Sta salendo agli ultrasuoni, inizia a disturbare le valutazioni sui massimi sistemi poco più in là.
– Giovanna che c’è? – chiede Ferdi. (a quanto pare, nemmeno lui riesce a trovare a quella strega di sua moglie un nomignolo affettuoso)
– Mi rimprovera perché non ho un servizio da 12. – sorrido. Sono decisa a porre fine a questo buco nero dei contenuti. Tutto purché si smetta di parlare di stoviglie davanti ai miei cubetti di baccalà, non se lo meritano! – Non voglio piatti tutti uguali comperati appositamente per le cene con gli amici. Vorrei avere sempre ospiti con l’amore per il picnic.
Sorrido e mi alzo per andare a servire i ragazzi, che la musica mette fame.
– Beh, considera che prima o poi dovrai invitare anche gente che non fa parte del tuo quotidiano, magari un discografico, un finanziatore… – mi mette in guardia Carlo, il commercialista percussionista – Ma hai presente di chi sei la moglie?!
– Eh, no! Non dire così, che non sia mai ci si sposi, noi! Avere posate e piatti coordinati, sai pazzo?! – risponde una voce sguaiata.

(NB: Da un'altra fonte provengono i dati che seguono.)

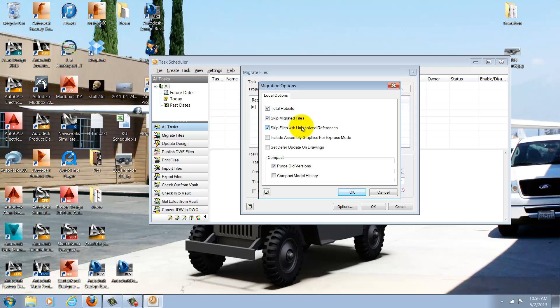I can include assembly graphics for express mode, one of the new Autodesk Inventor 2014 tools, and in drawings I can set defer update. I could also purge old versions and compact model history if I choose, but in this case I'm going to leave these settings as they are.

È la sua, lo so, non ho bisogno di guardarlo per
scoprirlo. Sarcastico, indiscreto e superficiale.
La mano che schianta il piatto a terra è la mia. Il silenzio polare nella stanza lo provoco io.
Esco.
Che uscirei dalla casa, dal palazzo, dalla città ma ho l’ombrina nel forno, sarebbe un peccato bruciarla.